While the first game started off very cheerful and happy, the second game already felt very serious from the beginning. The stakes felt much higher. When starting the first game (Ori and the Blind Forest) I thought, Wow, look at this cute little dude with his big eyes. When starting Ori and the Will of the Wisps I thought, Damn, this dude has been through some stuff in that first game. What’s next?

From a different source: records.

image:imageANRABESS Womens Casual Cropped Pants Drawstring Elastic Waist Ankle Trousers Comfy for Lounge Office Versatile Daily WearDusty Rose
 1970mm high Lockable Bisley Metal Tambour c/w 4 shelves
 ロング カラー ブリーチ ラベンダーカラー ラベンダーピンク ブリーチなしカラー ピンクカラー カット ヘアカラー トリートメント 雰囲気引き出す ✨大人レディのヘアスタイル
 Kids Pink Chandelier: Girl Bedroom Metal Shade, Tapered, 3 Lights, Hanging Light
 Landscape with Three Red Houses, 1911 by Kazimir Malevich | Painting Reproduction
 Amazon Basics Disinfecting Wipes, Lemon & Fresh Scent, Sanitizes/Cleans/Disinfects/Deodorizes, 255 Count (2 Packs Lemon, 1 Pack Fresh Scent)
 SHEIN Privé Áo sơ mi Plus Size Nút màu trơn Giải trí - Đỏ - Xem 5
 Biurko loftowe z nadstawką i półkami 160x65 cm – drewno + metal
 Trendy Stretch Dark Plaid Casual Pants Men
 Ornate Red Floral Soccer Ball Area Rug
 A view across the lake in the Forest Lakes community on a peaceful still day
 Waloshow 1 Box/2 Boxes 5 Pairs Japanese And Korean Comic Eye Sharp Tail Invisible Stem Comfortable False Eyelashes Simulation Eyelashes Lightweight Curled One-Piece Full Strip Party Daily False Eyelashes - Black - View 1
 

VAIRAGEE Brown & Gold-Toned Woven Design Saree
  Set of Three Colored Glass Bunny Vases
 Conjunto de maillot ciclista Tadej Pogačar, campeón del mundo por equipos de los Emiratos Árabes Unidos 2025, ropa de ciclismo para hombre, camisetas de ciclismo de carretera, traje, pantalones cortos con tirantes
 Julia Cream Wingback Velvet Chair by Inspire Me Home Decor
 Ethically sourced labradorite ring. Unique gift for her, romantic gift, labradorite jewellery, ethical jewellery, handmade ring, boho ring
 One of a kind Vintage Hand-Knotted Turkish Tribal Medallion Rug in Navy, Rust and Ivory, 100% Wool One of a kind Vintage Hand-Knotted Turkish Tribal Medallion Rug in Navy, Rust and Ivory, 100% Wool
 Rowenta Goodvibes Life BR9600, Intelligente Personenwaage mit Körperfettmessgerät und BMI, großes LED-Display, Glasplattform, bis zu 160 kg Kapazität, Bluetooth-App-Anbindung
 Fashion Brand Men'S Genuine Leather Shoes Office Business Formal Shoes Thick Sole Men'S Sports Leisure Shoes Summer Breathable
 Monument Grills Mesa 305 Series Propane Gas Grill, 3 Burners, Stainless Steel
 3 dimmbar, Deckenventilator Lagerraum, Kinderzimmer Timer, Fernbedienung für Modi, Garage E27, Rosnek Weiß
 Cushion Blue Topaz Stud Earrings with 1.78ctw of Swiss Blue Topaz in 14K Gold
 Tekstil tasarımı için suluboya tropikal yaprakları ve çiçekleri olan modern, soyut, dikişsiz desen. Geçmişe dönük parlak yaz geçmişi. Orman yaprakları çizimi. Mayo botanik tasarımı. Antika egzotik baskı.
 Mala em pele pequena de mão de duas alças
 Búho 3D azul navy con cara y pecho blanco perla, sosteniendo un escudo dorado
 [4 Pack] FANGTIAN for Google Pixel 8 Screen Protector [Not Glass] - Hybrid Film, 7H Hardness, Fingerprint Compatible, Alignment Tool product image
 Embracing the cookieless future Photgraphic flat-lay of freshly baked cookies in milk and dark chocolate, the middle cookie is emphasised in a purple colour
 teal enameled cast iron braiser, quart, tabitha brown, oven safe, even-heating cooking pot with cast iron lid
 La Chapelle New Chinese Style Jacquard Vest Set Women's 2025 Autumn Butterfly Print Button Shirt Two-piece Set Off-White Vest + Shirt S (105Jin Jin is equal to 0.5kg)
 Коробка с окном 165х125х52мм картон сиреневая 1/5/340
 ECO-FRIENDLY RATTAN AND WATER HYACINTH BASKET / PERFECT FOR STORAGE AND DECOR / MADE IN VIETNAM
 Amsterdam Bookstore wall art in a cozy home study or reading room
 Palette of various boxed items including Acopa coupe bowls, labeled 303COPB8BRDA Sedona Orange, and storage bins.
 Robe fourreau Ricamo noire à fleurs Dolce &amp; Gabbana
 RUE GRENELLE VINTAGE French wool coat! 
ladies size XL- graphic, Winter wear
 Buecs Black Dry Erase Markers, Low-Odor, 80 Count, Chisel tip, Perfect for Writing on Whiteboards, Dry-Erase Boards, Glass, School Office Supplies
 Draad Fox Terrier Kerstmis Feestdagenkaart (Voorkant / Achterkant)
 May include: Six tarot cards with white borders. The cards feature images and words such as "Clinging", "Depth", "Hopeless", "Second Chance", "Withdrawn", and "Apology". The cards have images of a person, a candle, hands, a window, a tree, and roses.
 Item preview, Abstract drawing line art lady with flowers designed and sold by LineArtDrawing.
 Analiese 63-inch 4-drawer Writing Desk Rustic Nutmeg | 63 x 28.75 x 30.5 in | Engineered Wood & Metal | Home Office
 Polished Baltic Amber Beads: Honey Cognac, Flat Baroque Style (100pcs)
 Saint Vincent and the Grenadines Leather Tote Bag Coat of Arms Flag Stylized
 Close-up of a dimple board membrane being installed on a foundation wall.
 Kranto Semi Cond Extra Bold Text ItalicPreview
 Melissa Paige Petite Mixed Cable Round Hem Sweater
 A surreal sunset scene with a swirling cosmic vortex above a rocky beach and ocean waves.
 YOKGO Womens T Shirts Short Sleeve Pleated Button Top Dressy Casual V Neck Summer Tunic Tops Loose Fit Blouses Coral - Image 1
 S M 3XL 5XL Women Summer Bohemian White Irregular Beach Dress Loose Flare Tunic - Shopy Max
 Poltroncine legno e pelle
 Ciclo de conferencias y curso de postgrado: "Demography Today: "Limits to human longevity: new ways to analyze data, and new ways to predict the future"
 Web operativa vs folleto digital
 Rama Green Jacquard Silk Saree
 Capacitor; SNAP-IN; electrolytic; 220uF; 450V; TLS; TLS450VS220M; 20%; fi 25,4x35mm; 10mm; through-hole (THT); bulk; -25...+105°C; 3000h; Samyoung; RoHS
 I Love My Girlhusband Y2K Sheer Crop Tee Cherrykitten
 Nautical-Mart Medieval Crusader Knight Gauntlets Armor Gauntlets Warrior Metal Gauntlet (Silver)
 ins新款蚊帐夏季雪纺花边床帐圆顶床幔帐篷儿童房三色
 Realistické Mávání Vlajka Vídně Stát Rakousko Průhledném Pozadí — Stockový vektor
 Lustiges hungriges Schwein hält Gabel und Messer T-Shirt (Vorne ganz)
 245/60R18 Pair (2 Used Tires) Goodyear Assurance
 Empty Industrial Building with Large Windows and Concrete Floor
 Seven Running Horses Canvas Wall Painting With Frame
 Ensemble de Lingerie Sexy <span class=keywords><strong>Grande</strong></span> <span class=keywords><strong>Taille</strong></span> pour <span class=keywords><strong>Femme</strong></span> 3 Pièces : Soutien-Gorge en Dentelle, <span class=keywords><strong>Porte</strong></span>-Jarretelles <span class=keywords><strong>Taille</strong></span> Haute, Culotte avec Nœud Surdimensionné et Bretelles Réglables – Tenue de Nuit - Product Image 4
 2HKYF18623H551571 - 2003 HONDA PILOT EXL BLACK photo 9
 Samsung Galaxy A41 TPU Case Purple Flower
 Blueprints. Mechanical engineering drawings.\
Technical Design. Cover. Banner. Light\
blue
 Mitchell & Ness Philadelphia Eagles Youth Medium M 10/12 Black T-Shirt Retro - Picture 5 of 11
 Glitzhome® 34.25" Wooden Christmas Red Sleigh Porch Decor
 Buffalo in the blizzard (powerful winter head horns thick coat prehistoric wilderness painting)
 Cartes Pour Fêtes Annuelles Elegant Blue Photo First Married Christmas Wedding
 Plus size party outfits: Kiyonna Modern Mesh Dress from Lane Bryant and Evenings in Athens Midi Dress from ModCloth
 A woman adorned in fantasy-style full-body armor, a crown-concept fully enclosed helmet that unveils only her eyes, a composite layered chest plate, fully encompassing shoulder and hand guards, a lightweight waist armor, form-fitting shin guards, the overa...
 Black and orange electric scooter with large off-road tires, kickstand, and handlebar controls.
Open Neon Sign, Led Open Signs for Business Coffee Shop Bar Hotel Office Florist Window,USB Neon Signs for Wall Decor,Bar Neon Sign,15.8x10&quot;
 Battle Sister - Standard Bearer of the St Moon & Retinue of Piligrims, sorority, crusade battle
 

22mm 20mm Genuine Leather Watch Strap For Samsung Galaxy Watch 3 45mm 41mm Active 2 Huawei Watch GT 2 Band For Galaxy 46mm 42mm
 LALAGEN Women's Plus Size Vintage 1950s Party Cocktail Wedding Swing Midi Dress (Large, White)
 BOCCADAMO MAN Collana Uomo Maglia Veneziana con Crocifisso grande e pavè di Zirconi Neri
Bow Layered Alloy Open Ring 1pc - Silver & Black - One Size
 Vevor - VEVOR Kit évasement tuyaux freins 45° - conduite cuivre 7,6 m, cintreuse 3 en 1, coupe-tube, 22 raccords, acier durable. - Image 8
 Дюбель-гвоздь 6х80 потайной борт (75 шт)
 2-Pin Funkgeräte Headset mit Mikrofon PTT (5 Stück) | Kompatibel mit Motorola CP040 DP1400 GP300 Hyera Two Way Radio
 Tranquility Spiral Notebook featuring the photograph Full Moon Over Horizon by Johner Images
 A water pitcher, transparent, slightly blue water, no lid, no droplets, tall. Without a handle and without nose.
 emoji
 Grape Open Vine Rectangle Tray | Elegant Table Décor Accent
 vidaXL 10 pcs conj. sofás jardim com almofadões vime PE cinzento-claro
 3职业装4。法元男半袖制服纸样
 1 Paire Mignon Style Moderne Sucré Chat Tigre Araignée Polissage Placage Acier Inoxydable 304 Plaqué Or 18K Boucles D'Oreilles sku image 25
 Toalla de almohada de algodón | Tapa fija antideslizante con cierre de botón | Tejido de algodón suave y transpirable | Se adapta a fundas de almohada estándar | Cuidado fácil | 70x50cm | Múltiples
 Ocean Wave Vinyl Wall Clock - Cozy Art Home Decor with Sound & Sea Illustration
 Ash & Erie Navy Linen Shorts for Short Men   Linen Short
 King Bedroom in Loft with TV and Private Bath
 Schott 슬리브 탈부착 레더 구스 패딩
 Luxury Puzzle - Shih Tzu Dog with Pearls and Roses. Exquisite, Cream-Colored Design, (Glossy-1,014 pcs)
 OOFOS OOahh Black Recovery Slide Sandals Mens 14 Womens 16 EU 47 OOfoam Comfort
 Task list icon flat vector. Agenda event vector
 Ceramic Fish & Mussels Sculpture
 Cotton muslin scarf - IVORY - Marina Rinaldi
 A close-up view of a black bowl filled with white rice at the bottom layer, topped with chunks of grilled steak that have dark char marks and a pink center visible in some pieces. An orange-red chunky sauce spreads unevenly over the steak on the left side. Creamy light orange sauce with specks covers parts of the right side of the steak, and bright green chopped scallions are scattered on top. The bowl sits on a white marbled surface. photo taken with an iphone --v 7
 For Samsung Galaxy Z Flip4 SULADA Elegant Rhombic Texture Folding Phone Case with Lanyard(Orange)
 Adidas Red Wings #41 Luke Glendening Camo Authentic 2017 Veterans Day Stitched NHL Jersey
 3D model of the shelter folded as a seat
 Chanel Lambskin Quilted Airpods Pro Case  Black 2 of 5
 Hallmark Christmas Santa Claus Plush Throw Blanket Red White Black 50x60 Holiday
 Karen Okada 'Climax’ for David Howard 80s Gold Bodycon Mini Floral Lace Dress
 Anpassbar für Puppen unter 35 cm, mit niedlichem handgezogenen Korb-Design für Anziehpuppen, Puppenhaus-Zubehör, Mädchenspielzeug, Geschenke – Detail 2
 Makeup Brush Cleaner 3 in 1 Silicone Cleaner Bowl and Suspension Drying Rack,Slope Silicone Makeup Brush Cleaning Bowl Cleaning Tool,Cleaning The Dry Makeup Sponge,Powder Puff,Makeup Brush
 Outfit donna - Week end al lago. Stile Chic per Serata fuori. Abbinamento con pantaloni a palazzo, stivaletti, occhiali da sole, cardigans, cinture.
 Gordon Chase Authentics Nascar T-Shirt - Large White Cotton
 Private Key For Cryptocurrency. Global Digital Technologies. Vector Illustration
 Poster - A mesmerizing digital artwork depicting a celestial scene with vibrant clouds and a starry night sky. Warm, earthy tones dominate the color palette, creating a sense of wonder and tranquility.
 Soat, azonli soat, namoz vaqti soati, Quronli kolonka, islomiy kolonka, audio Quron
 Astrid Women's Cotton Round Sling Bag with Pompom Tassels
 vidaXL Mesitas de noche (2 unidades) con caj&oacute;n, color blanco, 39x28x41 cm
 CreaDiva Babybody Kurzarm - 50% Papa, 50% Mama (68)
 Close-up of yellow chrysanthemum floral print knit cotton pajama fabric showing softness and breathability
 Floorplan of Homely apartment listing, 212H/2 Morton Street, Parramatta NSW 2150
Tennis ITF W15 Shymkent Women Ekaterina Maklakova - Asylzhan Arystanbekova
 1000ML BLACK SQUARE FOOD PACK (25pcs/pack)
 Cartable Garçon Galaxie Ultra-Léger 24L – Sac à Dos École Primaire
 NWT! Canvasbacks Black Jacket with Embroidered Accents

The Ori soundtracks have been great companions for writing and brainstorming. There are many times where the music goes from big, happy sounds to slow, spookier tones. The game also features some epic chase sequences where you must stay hidden from giant enemies or run quickly as they’re chasing from behind. The music greatly amplifies the feelings of fear and panic.
HADES – Darren Korb
Hades is a roguelike action RPG (role-playing game) featuring permanent death and randomly generated dungeons. The game has a very fun hack and slash combat system. You play as Zagreus, son of Hades, who is just trying to escape from Hell — which is no easy task. I still haven’t made it past the second “boss.”
The music of Hades is like a hard rock/metal album, featuring some heavy acoustic songs and even some beautiful ballads. It even features some middle eastern sounding instruments and sounds. I appreciated the music while playing the game, although the game itself was too loud to fully listen to the songs in the background at times. After listening to the album on its own I now “hear” the songs as I play through the game.
This soundtrack gives off the vibes of if Metallica created the score to a western that takes place in Hell (but maybe that’s just how I feel). There are songs on this album that I would actually love to learn on the guitar. We have songs like Good Riddance (featuring the voice of Ashley Barrett), a slow ballad. But the album is filled with many slow, heavy ballads, that once you take out the sound EFX of the game are just a fun listen.
Check out the music of Hades here:
THE LAST OF US (& Part II) – Gustavo Santaolalla
The Last of Us was one of my favorite gaming experiences for a long time. It was one of the first games that showed me how great the storytelling in video games can be. Both games are full of joy and pain, these games will make you cry both happy and sad tears (mainly sad ones). The music helps shape the way you feel about these characters. Characters who I’m still not sure if they’re quite good or bad.
The music from The Last of Us Franchise (Part I & II) features some of the most emotional music I’ve ever heard in a game. There are cutscenes that just feature landscape shots with lovely slow acoustic music, usually right after something dark and insane has happened. I’ve entered buildings where the music starts to become ominous and I decide that I’m not ready to deal with a buttload of clickers just yet, and I’ll come back to the game later.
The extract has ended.